Is there a code that can be billed for the removal and the replacement of a ureteral stent WITH cystoscopy?  I can only find codes that are WITHOUT cystoscopy.  Thanks in advance.


----------



## megmom72@gmail.com (Oct 2, 2012)

*Ureteral stent removal code*

Hi. You can bill for 52310 "Cystourethroscopy, with removal of foreign body, calculus, or ureteral stent from urethra or bladder (separate procedure); simple.

Hope this helps.


Regina McGee, CPC, CPMA


----------



## torih@nwurology.com (Oct 3, 2012)

Look at 52332. That's for insertion of stent and that includes the exchange and cysto.

Tori, CPC


----------



## megmom72@gmail.com (Oct 3, 2012)

Hi again.  I re-read your question again which basically is whether you can bill for the placement of the new and the removal of the old. While there is no single code for stent "exchange," there is a code for "removal" and another code for "placement."

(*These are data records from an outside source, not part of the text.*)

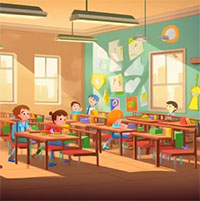 Giáo án Vật lí 11 Kết nối tri thức Học kì 2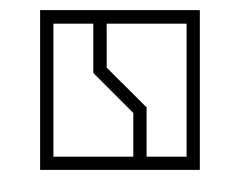 Zeekr logo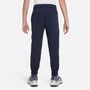 Nike Sportswear Tech Fleece Hose f�r �ltere Kinder (Jungen)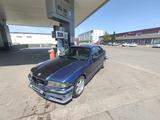 BMW 328 1991 года за 900 000 тг. в Аксу – фото 2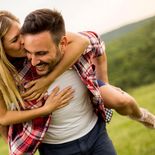 Las personas que nacen en un mes en particular, sienten el amor de una forma más intensa. Las personas que nacen en un mes en particular, sienten el amor de una forma más intensa.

Tori is correct,  52332 already includes the removal 52310.  Pls check this weblink in Supercoder.com: http://www.supercoder.com/coding-tools/cci-edits

"In most circumstances you cannot bill for removal of a previously placed stent (CPT code 52310 "Cystourethroscopy, with removal of foreign body, calculus, or ureteral stent from urethra or bladder [separate procedure]; simple") when the physician performs a stent replacement."

Hope this further helps.


Regina, CPC, CPMA


----------